This image, shot by photographer Ding Zuhe and called, “Monk’s Posture,” won first prize in the China category for National Geographic’s 2017 photography contest. Here are six people, all in some form of sleep, lethargy, stupor, or unconsciousness. There are two women (the one in the foreground looks older), and four males: a child in the foreground, a teen or young adult to the far left, and a young man plus a slightly older one in the right corner. Ding leaves open to interpretation how they feel; for all we know they might be comfortable. However, it doesn’t look like as if they are. Then we have the monk: sitting in a classical Zen posture, his head slightly bowed, cross-legged, dignified, a noble contrast to the six sloppy engines of flesh splayed out around him.

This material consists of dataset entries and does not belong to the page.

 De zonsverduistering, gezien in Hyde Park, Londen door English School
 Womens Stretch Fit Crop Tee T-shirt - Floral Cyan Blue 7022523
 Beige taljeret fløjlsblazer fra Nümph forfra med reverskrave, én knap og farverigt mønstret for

The photo sparked discussion on the Chinese web, with some netizens marvelling that in an age where religious values and spiritual authenticity have been displaced by mainstream materialism and cultural chaos and alienation, the power of religion remains leagues above what its worldly counterpart can offer. At a shallow level, it might be speaking of the sloppiness of laypeople juxtaposed with monastic discipline and purity, although this is rather lazy to me. It’s easy and common to castigate the laity as too distracted or uncaring to tend to religious matters when in reality some of the most devoted and wise Buddhist practitioners are householders.

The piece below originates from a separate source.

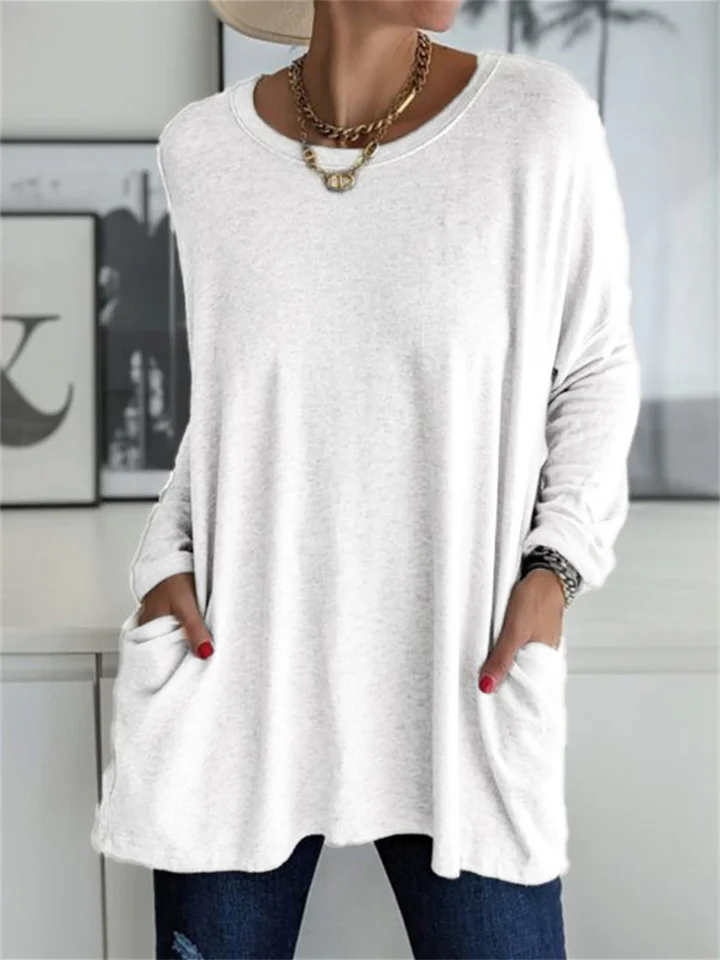 Elegant dames T-shirt met lange mouwen en effen ontwerp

I’d like to offer a different interpretation. This photo is not about external appearances or even the contrast between the monk’s meditative dignity and the passengers’ outward sloppiness. This is a snapshot of the human interior. The monk is the Buddha Nature that is always present in every train, every engine of flesh that hurtles towards death. There is no alternative but to crash and burn, eventually, no matter how happy or fulfilled one’s life has been. Most of our interior being is asleep. Our inner selves have been like this train cabin for generations; our alienation with ourselves and each other cuts across gender, class, and age. Yet is the monk himself meditating, or actually asleep too? If he is asleep, he might represent the germination of awakening that brings the members of the cabin to true life.

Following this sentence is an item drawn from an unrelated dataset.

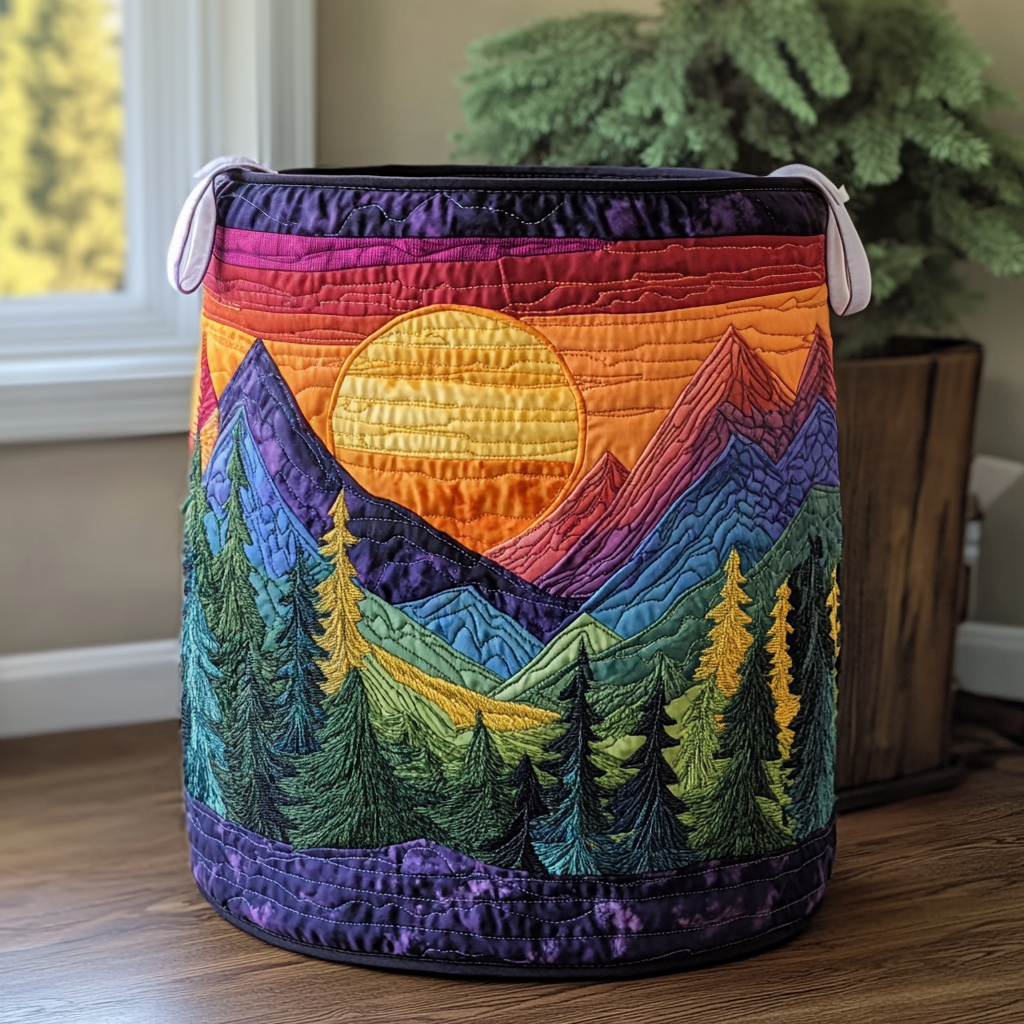 Quilted Laundry Basket with Mountain Panorama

There is also the theme of exhaustion. Comfortable or not, everyone in the photo, except perhaps the monk, look totally shattered, knackered beyond expression. Is this the gradual wearing down we all experience in the experience of samsara, which really just amounts to a terribly, awfully long journey over billions of lives and eons? When and how will the monastic wake them up from their slumber? When can we get off this train?